### YOUR INSTRUCTIONS
For the listing that follows, give again exactly the lines from the one with "Baraja De Cartas" to the one with "Michigan Upper Peninsula", including both.

Top of DATA RECORDS

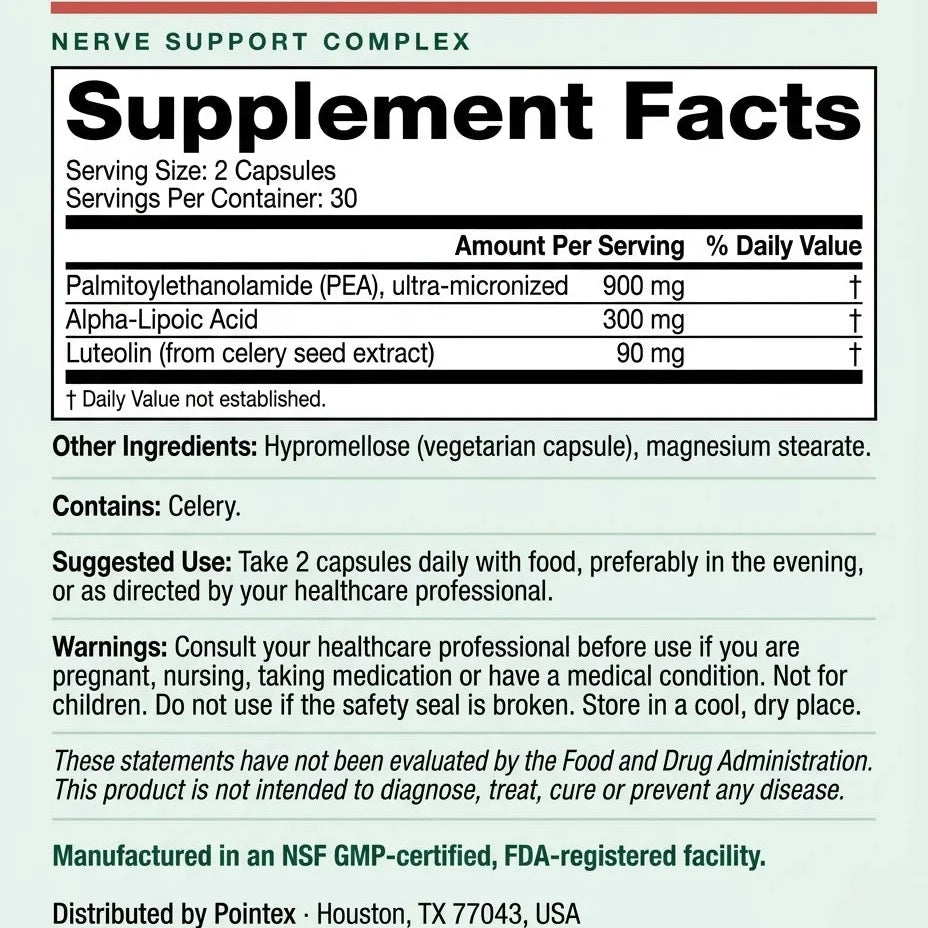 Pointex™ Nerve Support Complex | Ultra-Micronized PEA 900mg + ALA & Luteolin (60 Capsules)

Bottom of DATA RECORDS
Top of DATA RECORDS

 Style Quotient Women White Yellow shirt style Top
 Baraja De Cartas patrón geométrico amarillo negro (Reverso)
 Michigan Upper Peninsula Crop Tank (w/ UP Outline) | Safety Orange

Bottom of DATA RECORDS
Top of DATA RECORDS

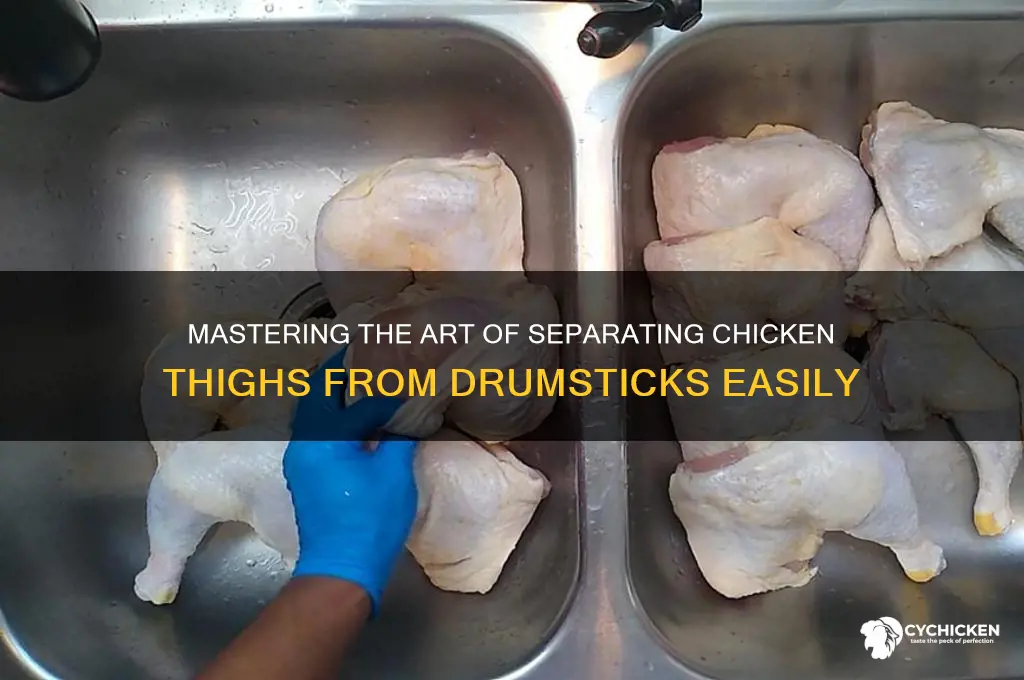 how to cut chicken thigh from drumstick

Bottom of DATA RECORDS

### EXERCISE RESULT
 Baraja De Cartas patrón geométrico amarillo negro (Reverso)
 Michigan Upper Peninsula Crop Tank (w/ UP Outline) | Safety Orange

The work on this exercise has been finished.